- Texte visé : Projet de loi de finances pour 2026, n° 1906
- Stade de lecture : 1ère lecture (1ère assemblée saisie)
- Examiné par : Assemblée nationale (séance publique)
I. – L’article 219 quater du code général des impôts est ainsi rétabli :
« Art. 219 quater. – Par dérogation aux dispositions de l’article 219, le taux de l’impôt sur les sociétés est porté à 35 % pour les entreprises qui manquent aux obligations prévues à l’article L. 1233‑61‑1 du code du travail. »
II. – Après l’article L. 1233‑61 du code du travail, il est inséré un article L. 1233‑61‑1 ainsi rédigé :
« Art. L. 1233‑61‑1. – I. – Toute entreprise dominante, au sens de l’article L. 2331‑1 du code du travail, réalisant un chiffre d’affaires annuel supérieur à 100 millions d’euros et dont une ou plusieurs filiales procèdent à un licenciement économique pour motif de cessation d’activité, est tenue de prendre en charge financièrement le plan de sauvegarde de l’emploi établi par ces filiales.
« II. – À défaut de prise en charge financière du plan de sauvegarde de l’emploi, l’entreprise dominante est tenue de rembourser à l’État, dans un délai de six mois à compter de la notification de la décision de licenciement, le montant total des aides publiques perçues au cours de l’année civile en cours.
« III. – Le remboursement des aides publiques est exigible dès la constatation par l’autorité administrative compétente du non-respect de l’obligation prévue au I. Les modalités de ce remboursement sont fixées par décret en Conseil d’État.
« IV. – Les dispositions du présent article ne font pas obstacle à l’application des sanctions pénales ou administratives prévues par la loi en cas de non-respect des obligations relatives au plan de sauvegarde de l’emploi. »
Par cet amendement, le groupe LFI souhaite empêcher les manœuvres de certains groupes qui profitent de la législation sur les licenciements économiques pour faire payer à l’État les frais du plan de sauvegarde de l’emploi (PSE) établi par l’une de leurs filiales. Il vise à demander à ces entreprises de prendre en charge le paiement du PSE, sous peine de devoir rembourser à l’État les aides publiques versées au titre de l’année civile en cours, faute de quoi leur impôt sur les sociétés est majoré afin de payer leur dû à la société.

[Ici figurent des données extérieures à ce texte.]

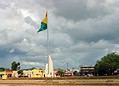 No calçadão da gameleira, impera o imponente mastro com a bandeira exuberante de um povo que um dia lutou para ser brasileiro.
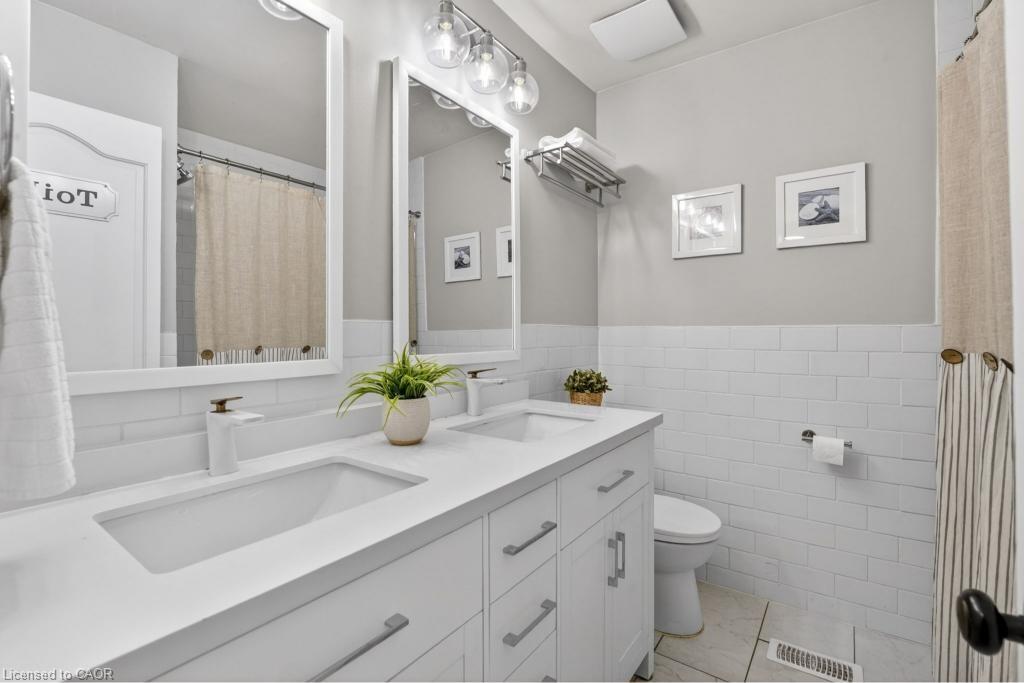 6543 Chippewa Road E Property Photo 21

La situation ubuesque qu’a vécue cette année l’entreprise Lecas Industries a fait cas d’école. Alors que des engagements écrits avaient été donnés par la direction de la filiale du groupe Hamelin, que les engagements du PSE seraient honorés et que, financièrement, l’entreprise avait « 2,5 millions d’euros de trésorerie, 3 millions d’euros de fonds propres », le groupe a placé l’entreprise en liquidation judiciaire et argué de son impossibilité de l’honorer quelques mois après.
Tous les observateurs de cette situation quasi-inédite, mais qui semble se reproduire ailleurs depuis peu, sont d’accord sur la responsabilité du groupe, dont le chiffre d’affaires s’élève à 600 millions d’euros, de s’acquitter du PSE et non d’en transférer indûment la charge à la collectivité.
Afin de ne pas créer un précédent et de rappeler ce principe de responsabilité, l’État doit prendre position et annoncer cesser toute aide financière à l’égard des groupes qui pourraient être tentés de s'adonner à ces pratiques malhonnêtes et inacceptables.